How will your research benefit the grape industry?
I anticipate that new engineering tools from my program will be useful for many grape research programs at AgriTech to find new knowledge beneficial to various aspects of the grape industry. Meanwhile, I look forward to receiving feedback from collaborating researchers, extension educators, growers, and stakeholders to improve designs and deliver prototypes that are effective, efficent, and affordable to fulfill the grape industry needs.
A particular effort, after I joined Cornell AgriTech, is to develop a neural network that can identify and quantify grape downy mildew in images collected using a stereo camera. Our network has been tested on the 2019 dataset and achieved about 90% accuracy. We are collecting more data this season to validate the achieved performance. In addition, we are working on a special network design to make it work in near real time, so the disease detection and quantification can be performed in the field. Combining the trained neural network and the autonomous robot, we plan to develop the first prototype of a scouting robot for grape downy mildew. This would help my collaborators (e.g., Dr. Kaitlin Gold) to speed up studies and experiments related to disease resistance and management practices locally as well as open the possibility of linking the ground proximal sensing with satellite-based remote sensing for grape disease management at larger scales.

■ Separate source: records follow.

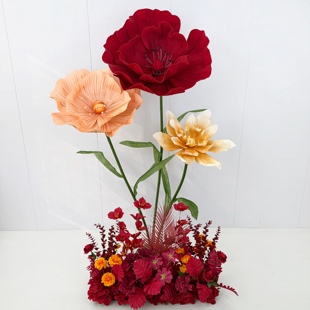 虞美人巨型纸艺花结婚现场装饰婚礼全套美陈商场活动布置橱窗成品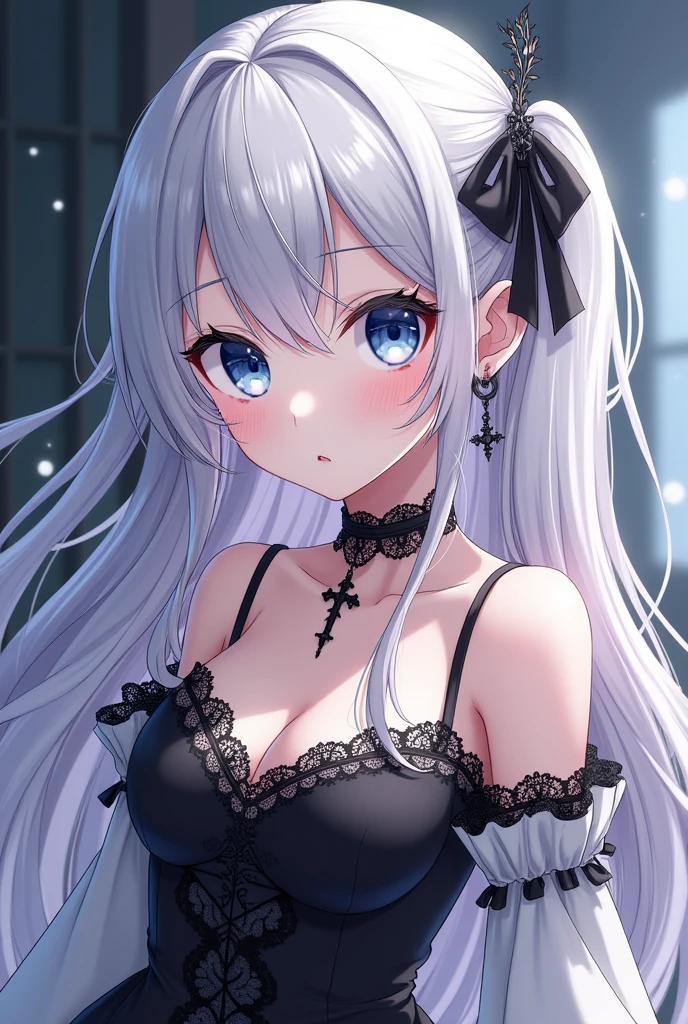 nsfw, 1 girl, ((detailed eyes)), ((bright eyes, red heterochromatic eye, blue heterochromatic eye)), long white hair, white cat ears, ((maid)), ((visible breasts, huge breasts , exposed breasts, visible nipples, exposed nipples, topless)), smiling expression, black thong, looking at viewer, blushing,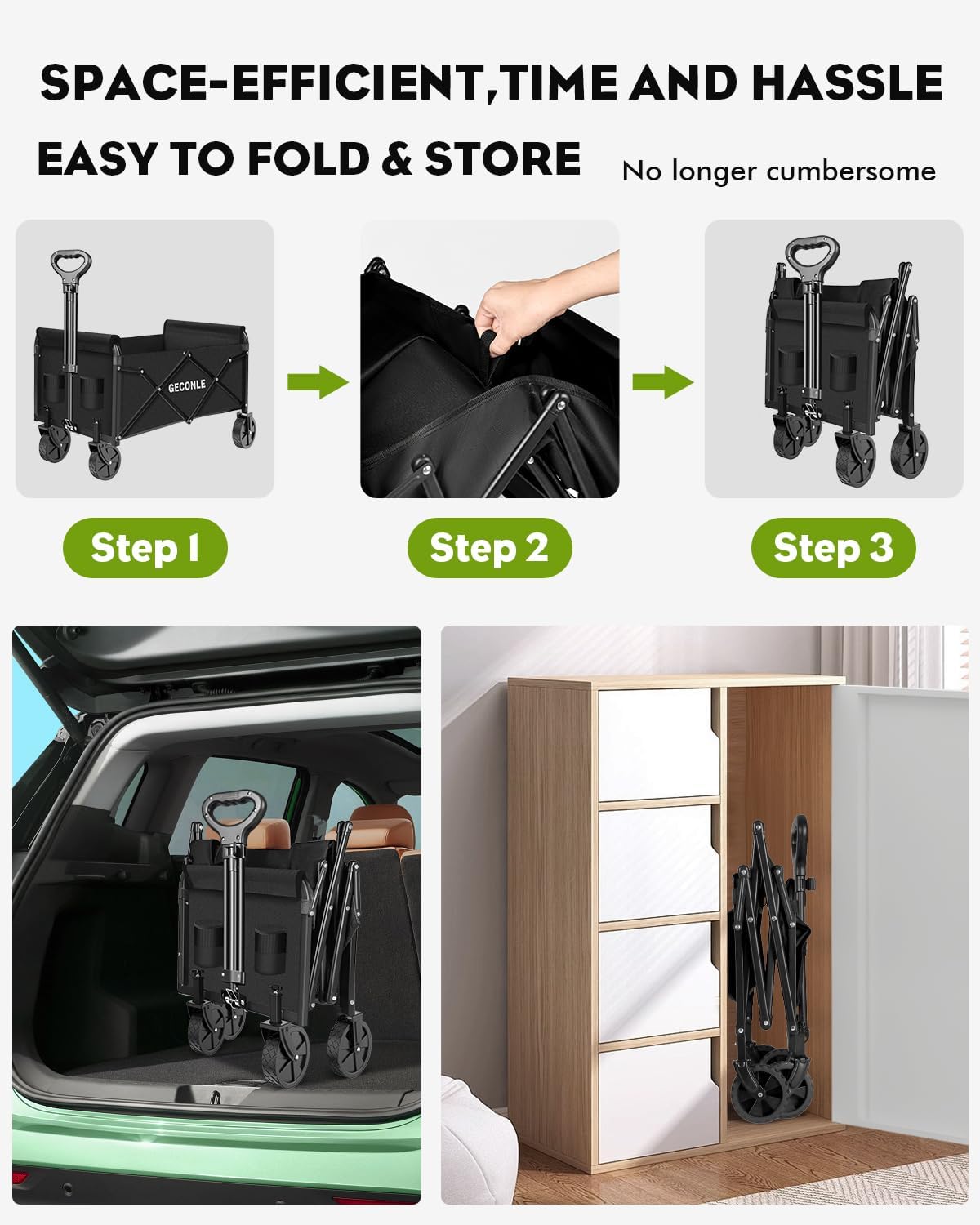 Thumbnail 5 de Carrello Pieghevole su Ruote GECONLE 100L/100KG: Portata, Comfort e Design per Picnic, Shopping e Campeggio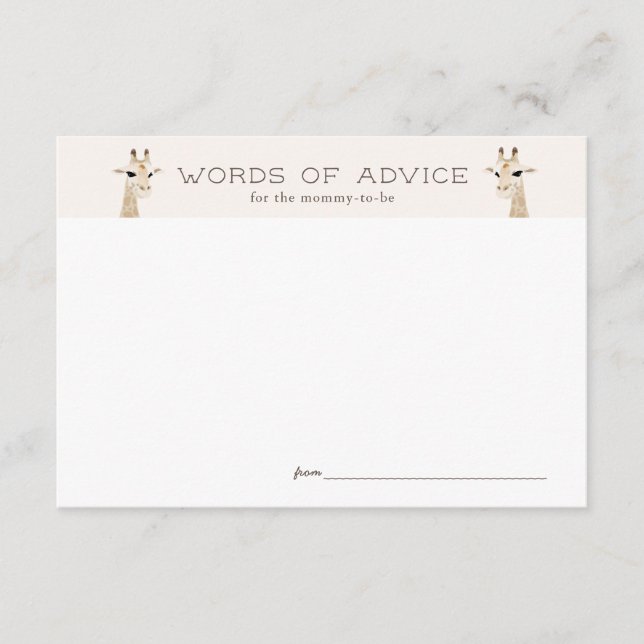 Cartão de Aviso para Beige do Chá de fraldas Giraf (Frente)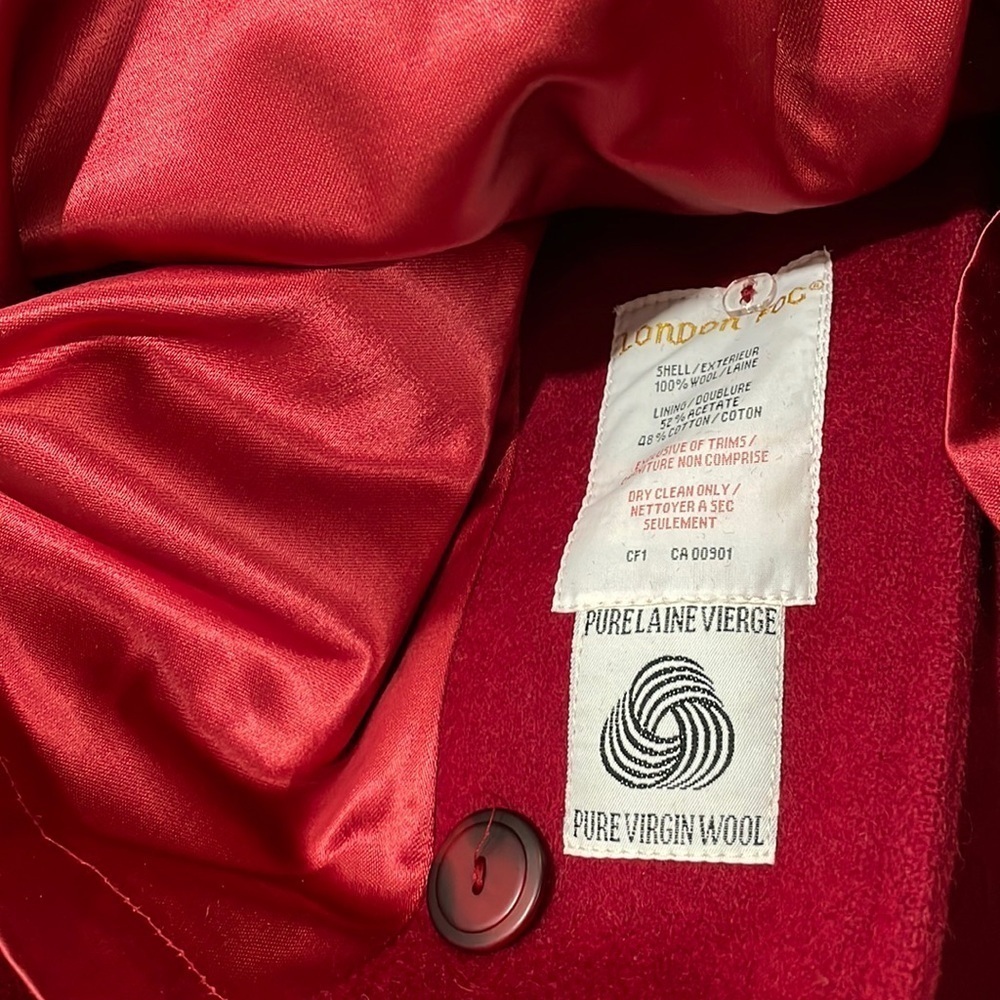 Vintage Chic London Fog Size 8-M Red 100% Wool Coat Classic Retro Glam Elegant - Picture 12 of 16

What project would you pursue, if funding was unlimited?
Unlimited funding is particularly a luxury for an agricultural engineer, who usually needs to consider a lot of the cost because affordability can be a deal breaker for an agricultural technique. If I were lucky enough to have unlimited funds, I would integrate all fancy technologies (e.g., 5G and WiFi-6 communication, human-like robots, full-spectrum optical sensors, powerful edge-computing devices, etc.) to explore and demonstrate what we could ultimately achieve for the future agricultural production practices. This demonstration system can help us to reshape our roadmap of technical development. More importantly, it can serve as a model system to attract, encourage, and inspire the young generations to study and work on agriculture-related disciplines and/or technologies that can solve agricultural challenges.